Claude Sonnet 5 vs Sonnet 4.6: The Biggest Sonnet Leap Ever

June 30, 2026. Anthropic retires the "4.6" suffix and ships Claude Sonnet 5 — same list price ($3/$15), same 1M context, same Sonnet tier. But the benchmarks tell a different story. Terminal-Bench 2.1 jumps from 67.0% to 80.4% (+13.4). HLE with tools from 46.8% to 57.4% (+10.6). FrontierCode more than doubles from 15.1% to 38.8%. And on knowledge work, Sonnet 5 adds 223 Elo points — jumping from 1395 to 1618, which actually beats Opus 4.8. This is not an incremental refresh. It's the biggest generation-over-generation leap in Sonnet history. Here's every benchmark, sourced from Anthropic's Sonnet 5 System Card. Test both on CodingFleet.

TL;DR — Sonnet 5 vs Sonnet 4.6

Same price, massive gains: $3/$15 list price unchanged. Introductory $2/$10 through Aug 31, 2026.
+13.4 Terminal-Bench 2.1: 67.0% → 80.4%. The biggest single-benchmark jump.
+10.6 HLE (with tools): 46.8% → 57.4%. Agentic reasoning nearly matches Opus 4.8 (57.9%).
+5.1 SWE-bench Pro: 58.1% → 63.2%. Within 6 points of Opus 4.8.
+223 GDPval-AA v2: 1395 → 1618. Sonnet 5 beats Opus 4.8 on knowledge work.
FrontierCode more than doubles: 15.1% → 38.8%. Structural improvement in frontier coding.
Tokenizer caveat: Same text = 1.0–1.35× more tokens vs 4.6. Effective cost slightly higher at scale.

Full Benchmark Comparison

Benchmark	Sonnet 5	Sonnet 4.6	Gain
Agentic coding (Terminal-Bench 2.1)	80.4%	67.0%	+13.4
HealthBench Professional	57.8%	44.2%	+13.6
FrontierCode v1	38.8%	15.1%	+23.7
CursorBench (independent)	61.2%	49.0%	+12.2
Reasoning (HLE, with tools)	57.4%	46.8%	+10.6
Reasoning (HLE, no tools)	43.2%	34.6%	+8.6
Agentic search (BrowseComp)	84.7%	76.2%	+8.5
Knowledge work (GDPval-AA v2)	1618	1395	+223
AutomationBench	13.5%	5.3%	+8.2
SWE-bench Verified	85.2%	79.6%	+5.6
Agentic coding (SWE-bench Pro)	63.2%	58.1%	+5.1
Toolathlon (multi-app agent)	54.3%	49.4%	+4.9
USAMO 2026 (math olympiad)	79.5%	55.0%	+24.5
Computer use (OSWorld-Verified)	81.2%	78.5%	+2.7

Source: All benchmark scores from Anthropic's Claude Sonnet 5 System Card, Table 8.1.A and relevant subsection details. All Sonnet 5 results use adaptive thinking at max effort, default sampling, averaged over 5 trials. Sonnet 4.6 scores from the same evaluation harness. CursorBench scores independently measured by Cursor in their production harness. SWE-bench Verified Sonnet 4.6 score (79.6%) from Anthropic's Sonnet 4.6 launch announcement.

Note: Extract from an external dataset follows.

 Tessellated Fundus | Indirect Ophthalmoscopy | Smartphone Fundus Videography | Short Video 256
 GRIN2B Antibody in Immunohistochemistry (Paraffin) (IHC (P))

Sonnet 5 vs Sonnet 4.6 benchmark comparison bar chart — Claude Sonnet 5 (indigo) leads Sonnet 4.6 (light purple) on every benchmark. The widest gaps are on Terminal-Bench 2.1 (+13.4), FrontierCode (+23.7), and CursorBench (+12.2). The narrowest is OSWorld-Verified (+2.7) — computer use capabilities were already strong in 4.6. Every single number improved. There are no regressions.

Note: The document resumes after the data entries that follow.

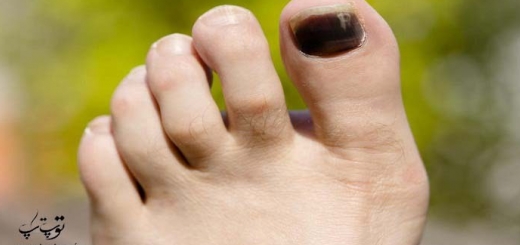 علت و روش درمان سیاه شدن ناخن پا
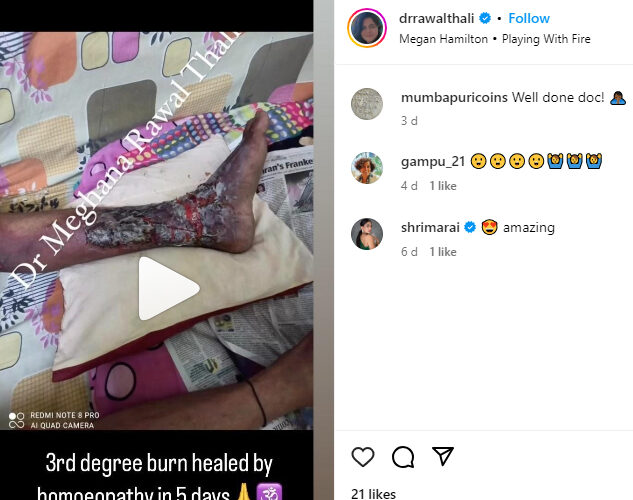 burn-heal-case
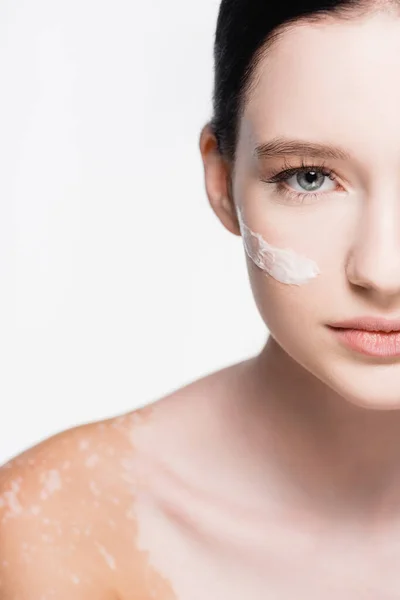 Vista ritagliata di giovane bella donna con vitiligine e crema viso sulla guancia isolato su bianco — Foto stock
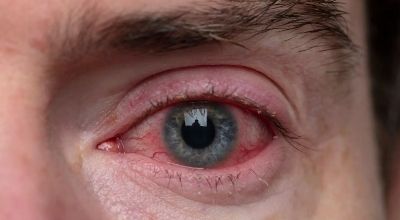demodex mites causes blepharitis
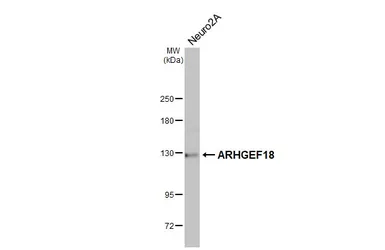 Anti-ARHGEF18 antibody used in Western Blot (WB). GTX102223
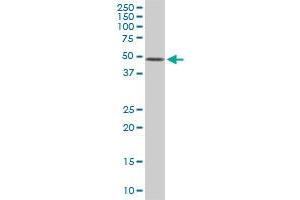 Western Blotting (WB) image for anti-Ets Variant 5 (ETV5) (AA 181-290) antibody (ABIN560808)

Sonnet 5 vs Sonnet 4.6 radar chart — Sonnet 5 (solid indigo) encloses Sonnet 4.6 (dashed light purple) on every axis. The radar makes the structural improvement visible — FrontierCode and HLE (with tools) show the largest area expansion. Sonnet 5 is a strict superset of Sonnet 4.6 on every measured dimension.

Sonnet 5 gains over Sonnet 4.6 horizontal bar chart — Gains sorted by magnitude. Green = double-digit gains (structural improvements). Amber = solid gains (5–10 pts). Red = modest gains (<5 pts). Terminal-Bench (+13.4), HealthBench (+13.6), and FrontierCode (+23.7) are the headline numbers. OSWorld (+2.7) is the smallest gain — computer use was already strong in 4.6.

The +13.4 Terminal-Bench Leap: Agentic Coding Transformed

The single biggest percentage-point gain on any benchmark. Sonnet 4.6 at 67.0% on Terminal-Bench 2.1 was respectable — competitive with GPT-5.4 (75.1%). Sonnet 5 at 80.4% is a different tier entirely. It now sits within 2.3 points of Opus 4.8 (82.7%) and ahead of Opus 4.7 (69.7%). Terminal-Bench measures real CLI agentic coding — package management, git operations, build system debugging, server configuration. This is the benchmark that most directly reflects what developers experience in Claude Code. Anthropic's System Card confirms the evaluation uses the same mini-SWE-agent harness for both models, making this a clean apples-to-apples comparison.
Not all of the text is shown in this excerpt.